Hanya ada Ricardo Montolivo sebagai pemain yang
berumur 30 tahun keatas.
Pemain terdekat dengan Montolivo pada kriteria ini
adalah Keisuke Honda dan Jurac Kucka.
Sisanya, lini tengah Milan dihuni pemain dibawah umur
27 tahun alias pemain yang akan atau sedang memasuki masa keemasan mereka
sebagai pesepakbola.
Serunya, bintang baru Milan, Manuel Locatelli yang
menggantikan peran Montolivo dan mencetak gol kemenangan saat Milan menundukkan
Juve masih berumur 18 tahun alias (kalau
di Indonesia) baru lulus SMU!
Dominasi pemain muda dalam komposisi skuad Milan yang
terlihat menjanjikan sampai pekan ke 9 ini makin tidak terbantahkan jika
melihat lini depan Milan mengedepankan M’Baye Niang (21 tahun) dan Gianluca
Lapadula (26 tahun).
Catat, Carlos Bacca, pemain kunci lain di lini depan baru
berumur 30 tahun pada 8 September lalu.
Well, komposisi Milan yang didominasi pemain muda
sesungguhnya sejalan dengan konsep permainan yang diusung Montella.

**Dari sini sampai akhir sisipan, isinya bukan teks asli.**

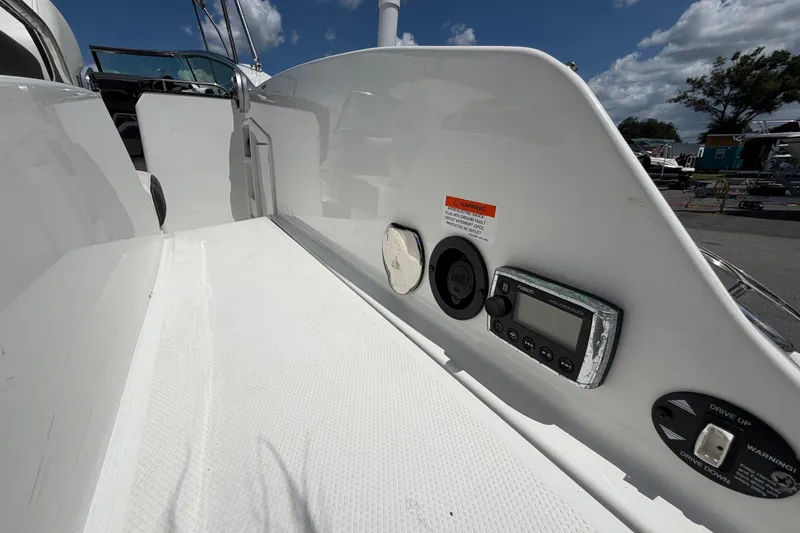 Slide: The Image of 2015 Monterey 288SS Super Sport boat dashboard with controls and warning labels. - 76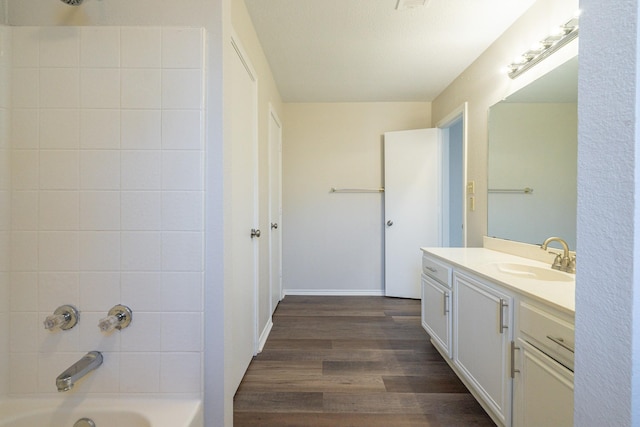 bathroom with vanity, bathtub / shower combination, and wood finished floors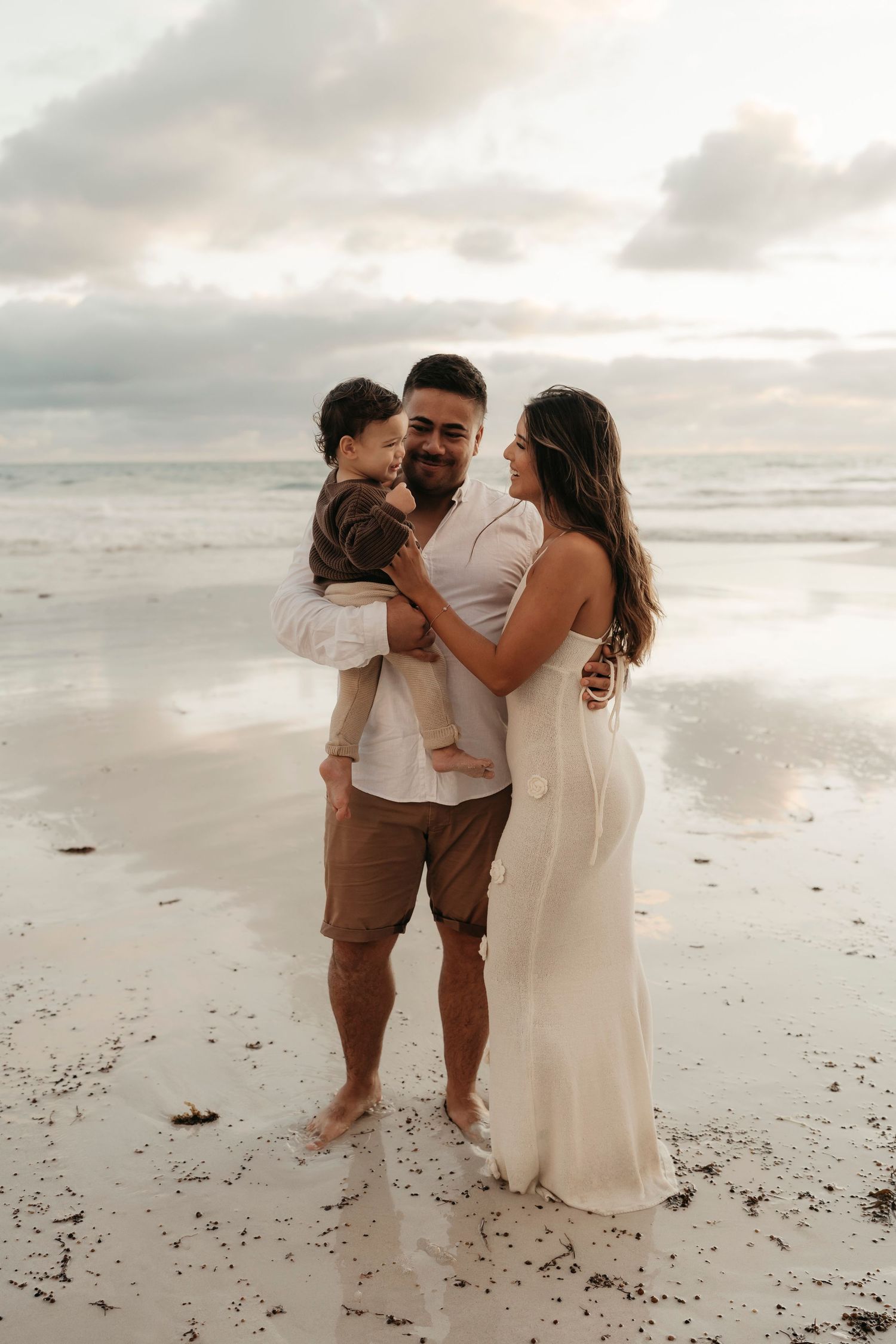 A family shares an intimate moment together on a cloudy beach, dressed in white and earth tones.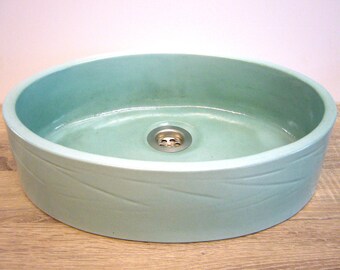 Handcrafted washbasin in a shiny mint glaze, highfired ceramic vessel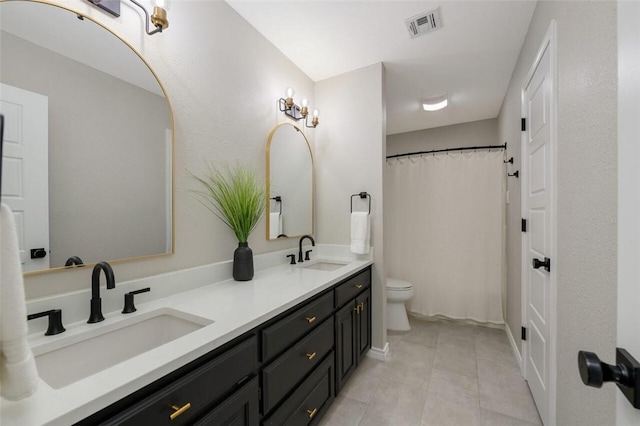 bathroom featuring tile patterned flooring, vanity, and toilet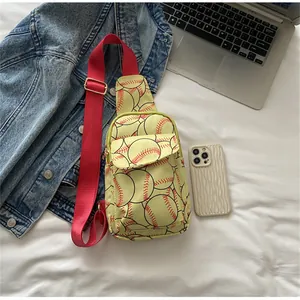 Yellowish nylon sling bag with red baseball pattern and adjustable red shoulder strap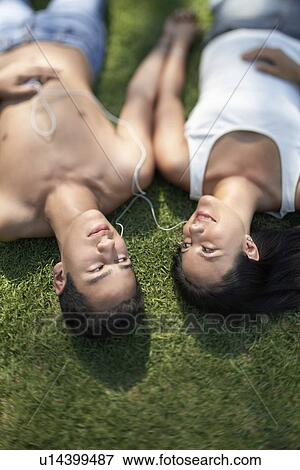 Stock Photo - Couple listening to mp3 player lying down side by side on park lawn, elevated. Fotosearch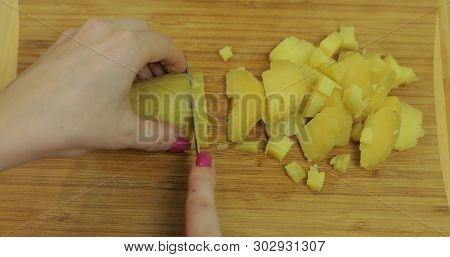 Female Housewife Hands Slicing Potatoes Into Pieces On The Wooden Cutting Board In The Kitchen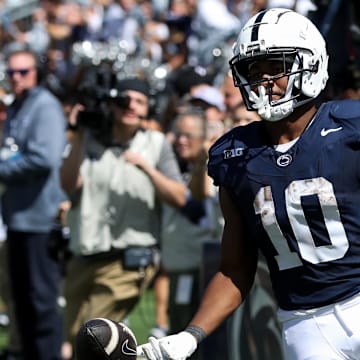 Penn State running back Nicholas Singleton runs into the end zone for a touchdown during the third quarter against the Bowling Green Falcons at Beaver Stadium.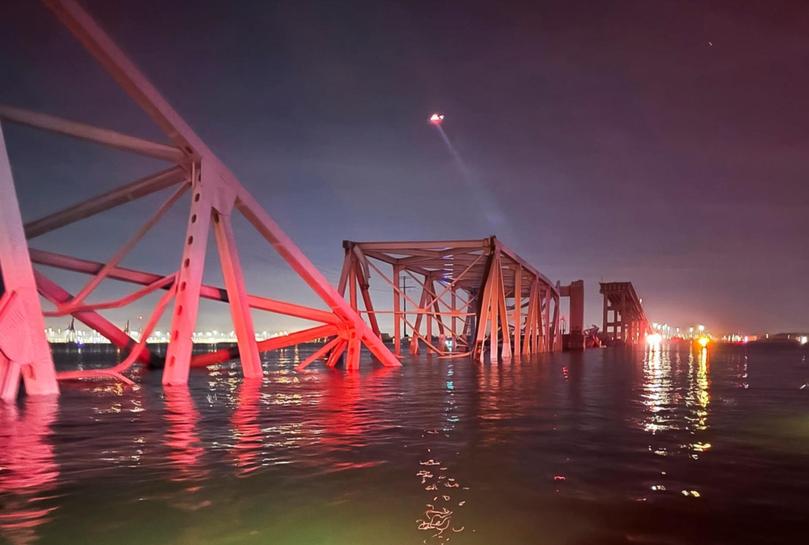 A collapsed section of the Francis Scott Key Bridge after a cargo ship ran into it.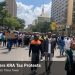 Nairobi traders marching in a street protest against KRA tax policies near high-rise buildings and police barriers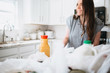 © MeganBetteridge - Lifestyle of women unloading her groceries at home in a white kitchen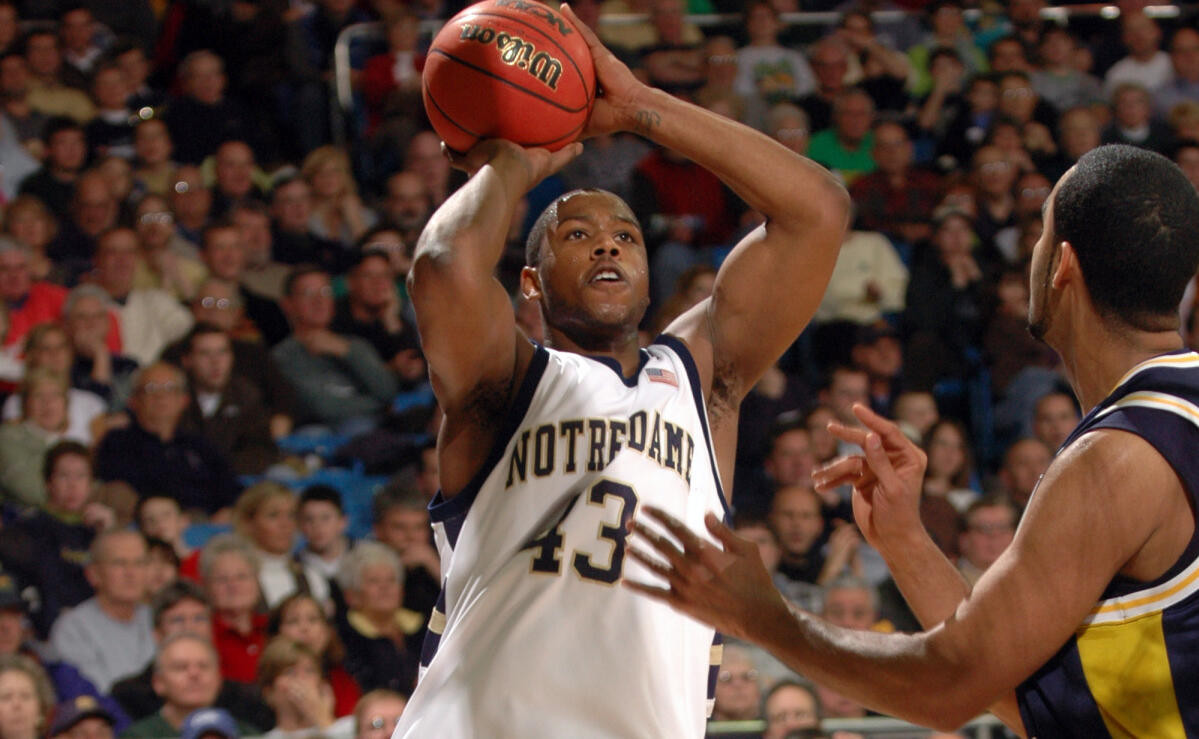 Irish Sneak Past Mountaineers 61-58 Russell Carter puts up a shot during first half.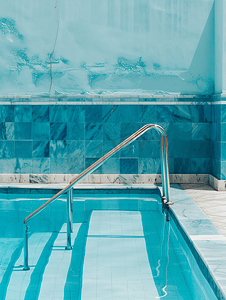 游泳池角落有大理石边框、蓝色陶瓷墙和泳池梯子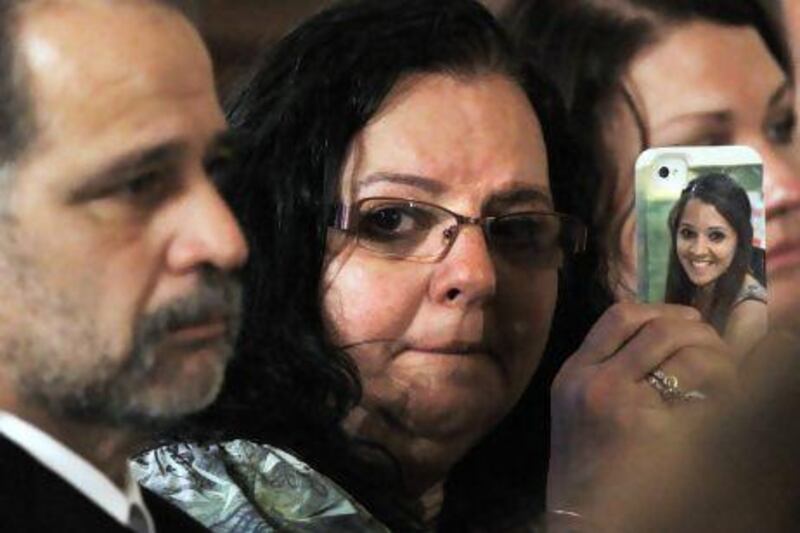 Donna Soto, mother of slain Sandy Hook Elementary School teacher Victoria Soto, holds a cell phone with her daughter's picture on it while attending a ceremony in the East Room of the White House on Friday. Jacquelyn Martin / AP Photo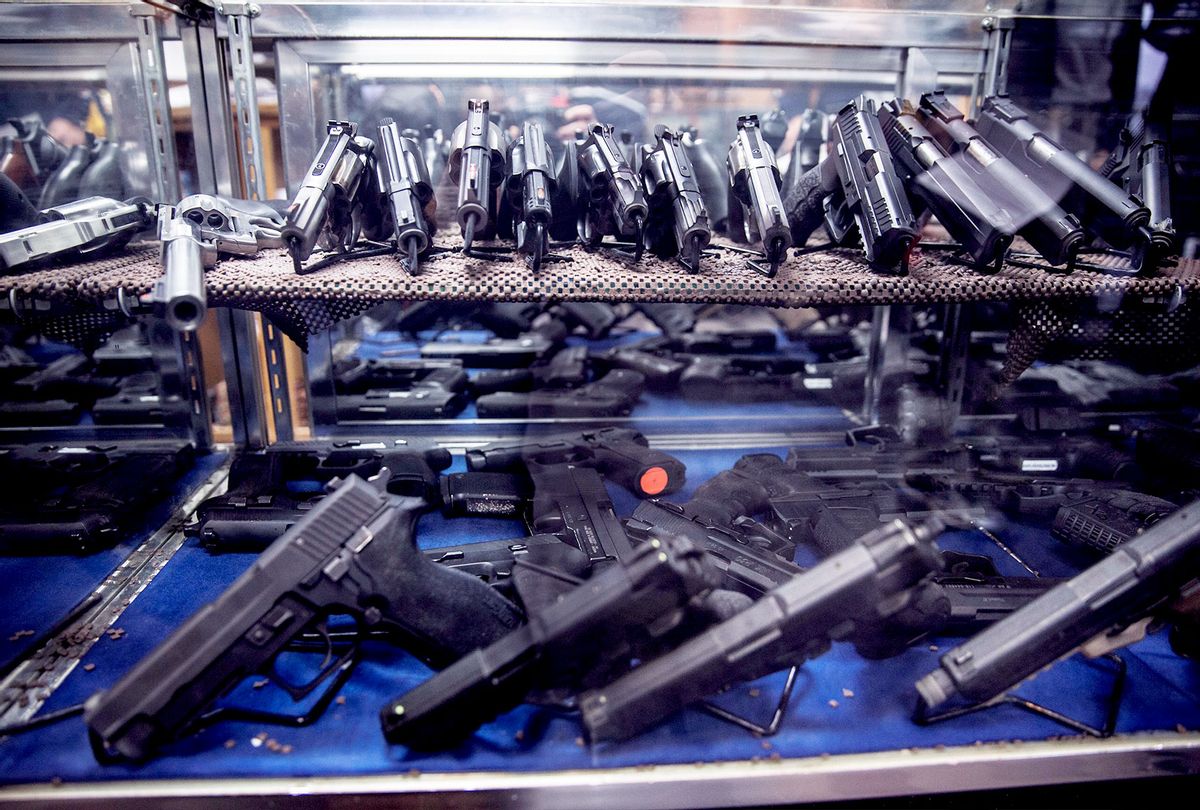 Assorted pistols on display (Samuel Corum/Anadolu Agency/Getty Images)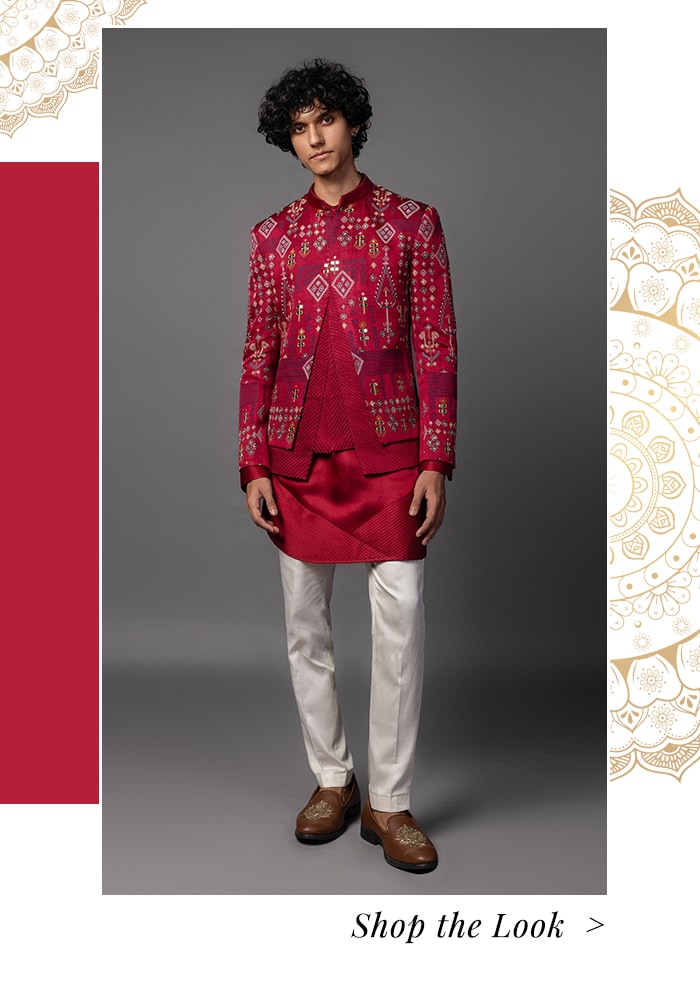 Model wearing coat paired with short red kurta and pant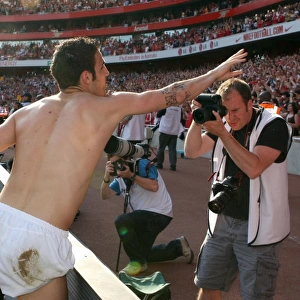 Cesc Fabregas (Arsenal) throws his shrt to the fans after the match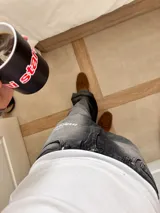 Pantalón de jean gris oscuro con corte amplio y estampado con el logo de la marca en la pierna izquierda.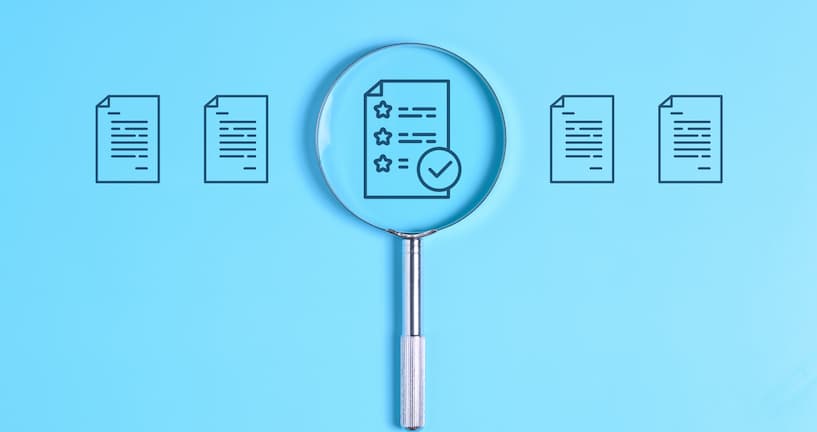 Magnifying glass over paper icon for business documents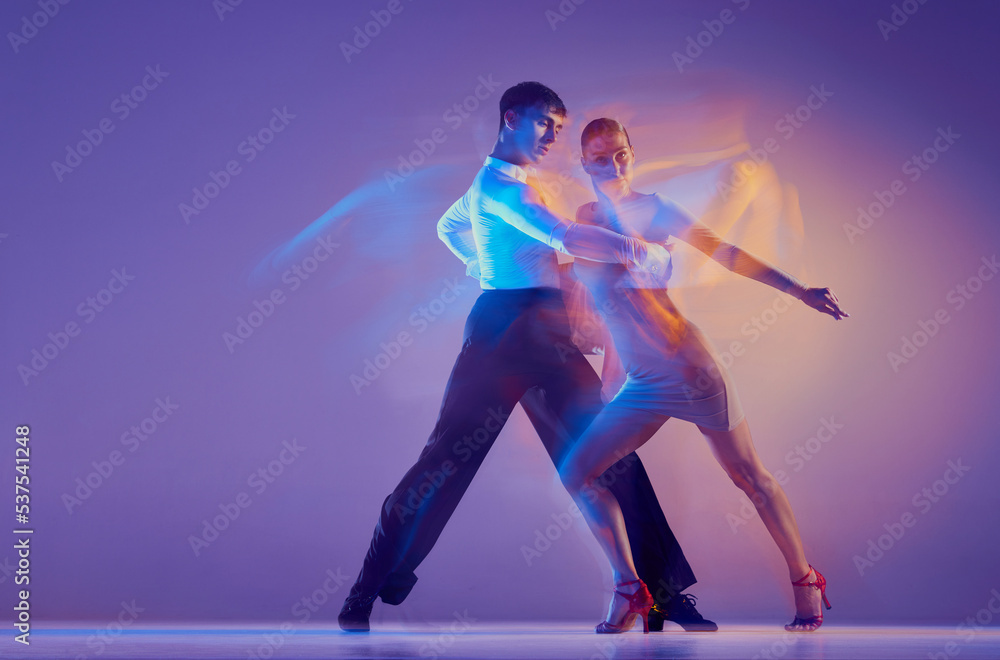 Young graceful dancers, flexible man and woman dancing ballroom dance isolated on gradient blue purple background in neon mixed light.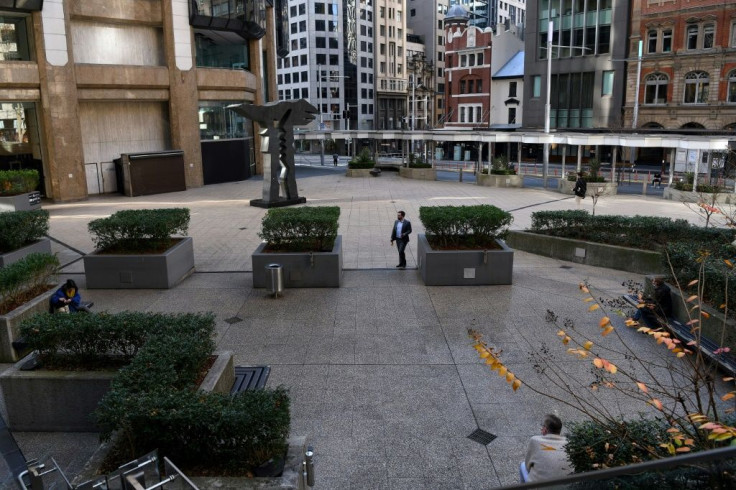 People sit in a quiet plaza in the central business district in Sydney, as the city remains in lockdown for a second week to contain an outbreak of the highly contagious Delta Covid-19 variant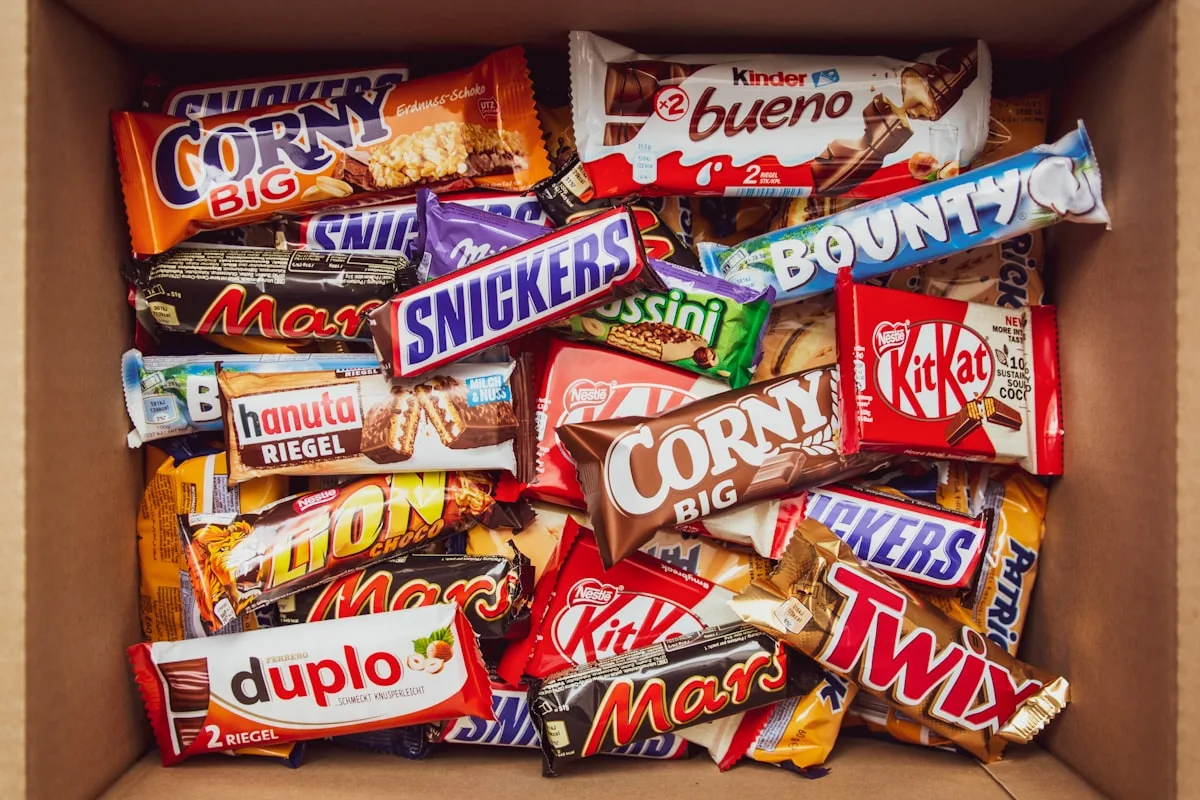 Assorted candy bars on a colorful background
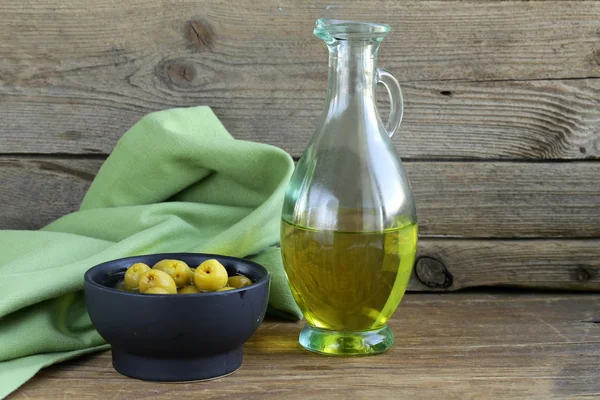 Мариновані зелені оливки і пляшка олії на дерев'яному столі — стокове фото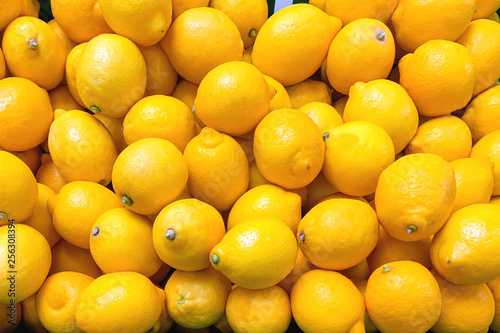 A pile of lemons as a background (texture)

“kami sedang mencoba menerapkan sepakbola ambisius
dan beresiko” ujar Montella merujuk pada gaya permainan menyerang yang
diterapkannya ke Milan.
Milan ala Montella mendorong permainan menyerang yang
dibangun lewat operan-operan dari lini pertahanan.
Model permainan seperti ini jelas beresiko.
Jika pemain kehilangan bola atau salah oper di area
pertahanan sendiri maka dalam sekejap tim akan mendapati situasi berada dalam
serangan lawan.
Meski disisi lain, pola permainan ini efektif untuk
membongkar pertahanan rapat yang diterapkan lawan.
Pola yang sangat cocok dengan profil anak-anak muda
di tubuh tim Milan saat ini.
Bukankah mereka yang masih berusia muda menyimpan
ambisi yang besar dan kerap berani (atau nekad) mengambil resiko?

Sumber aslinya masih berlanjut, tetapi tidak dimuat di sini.